Alternative Interpretation

The staging environment may simply run on faster/larger Cloud Run instances. The fact that all three payload sizes show improvement (including 5K where there should be no parallelization benefit) suggests a non-trivial environment confound. The true ADR-001 effect is likely smaller than the raw numbers suggest — possibly in the 10–20% range for 15K documents.

6. Decision

Select one:

Merge — Hypothesis confirmed. Proceed with merge.
Revert — Hypothesis rejected with significant regression. Do not merge.
Iterate — Results are promising but insufficient. Revise approach and re-run.
Abandon — Approach is fundamentally flawed or cost exceeds benefit.

Rationale

The ADR-001 threshold change (20K → 10K) is strongly supported by the directional evidence, especially at 25K where the effect is overwhelming.
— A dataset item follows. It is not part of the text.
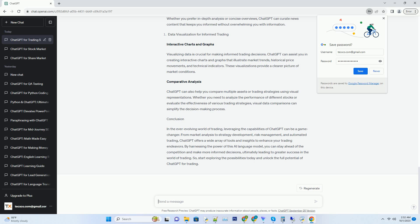ChatGPT can assist in calculating risk metrics such as Value at Risk (VaR) and drawdown analysis. By inputting relevant data and parameters, ChatGPT can provide you with risk assessments, allowing you to adjust your positions accordingly and minimize potential losses.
However:

The critical case (15K) did not reach significance (p=0.31). With only 15 trials, we can't rule out chance.
Environmental confounds (staging consistently faster at all payloads) mean the raw numbers overestimate the true effect.
Recommendation: Re-run the experiment with a controlled benchmark (same Cloud Run instance configuration, minimum 30 trials per configuration). If the 15K payload shows p<0.05 with Cohen's d ≤ -0.5, merge with confidence.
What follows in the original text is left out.